▶ _EXERCISE INSTRUCTIONS_
Repeat the data word for word. Do not include the pictures.

▶ _DATA SHOWN_
------------------------------------------------------------------------

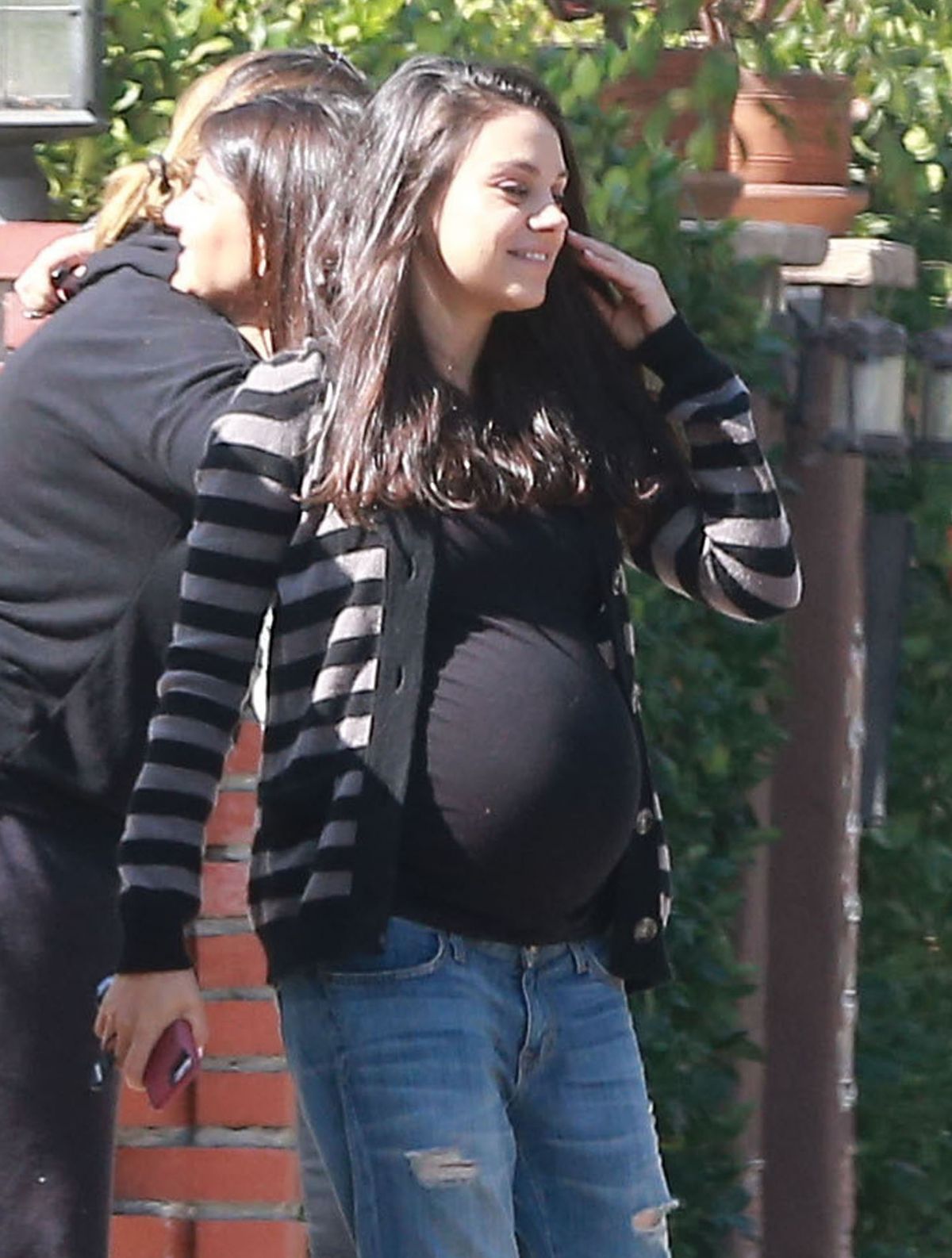 Pregnant Mila Kunis Out Getting Lunch In Beverly Hills 10 14 2016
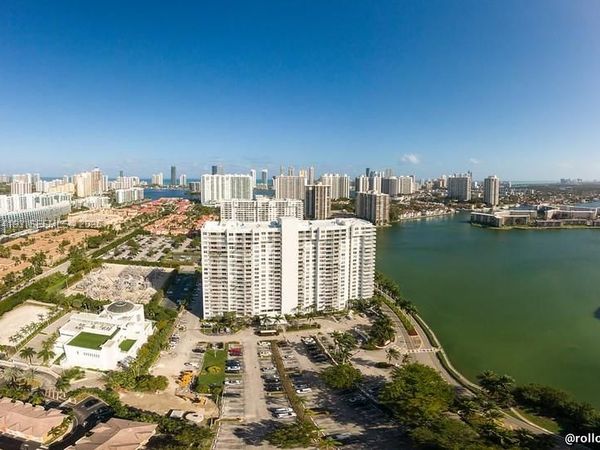 2801 NE 183rd St, Unit 709W, Aventura, FL 33160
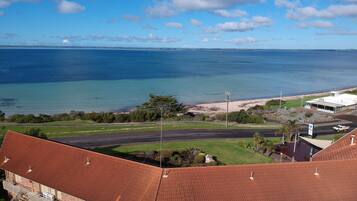 Ubicación a pie de playa y arena blanca
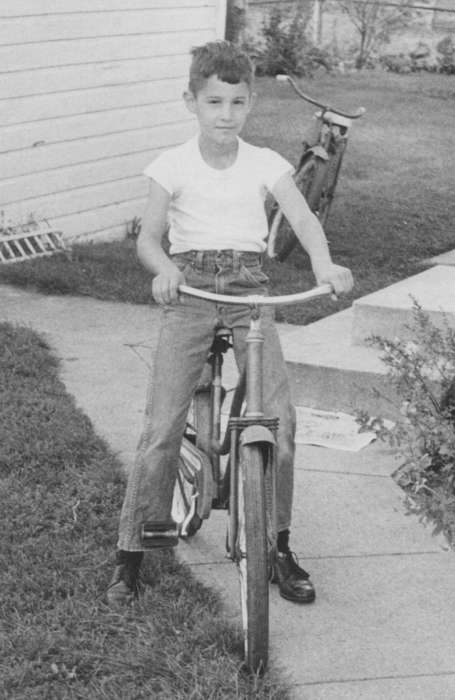 Doering, Alan, bicycle, Hubbard, IA, Iowa History, Outdoor Recreation, Portraits - Individual, history of Iowa, bike, Children, Iowa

------------------------------------------------------------------------

▶ _WRITTEN SOLUTION_
 Pregnant Mila Kunis Out Getting Lunch In Beverly Hills 10 14 2016
 2801 NE 183rd St, Unit 709W, Aventura, FL 33160
 Ubicación a pie de playa y arena blanca
 Doering, Alan, bicycle, Hubbard, IA, Iowa History, Outdoor Recreation, Portraits - Individual, history of Iowa, bike, Children, Iowa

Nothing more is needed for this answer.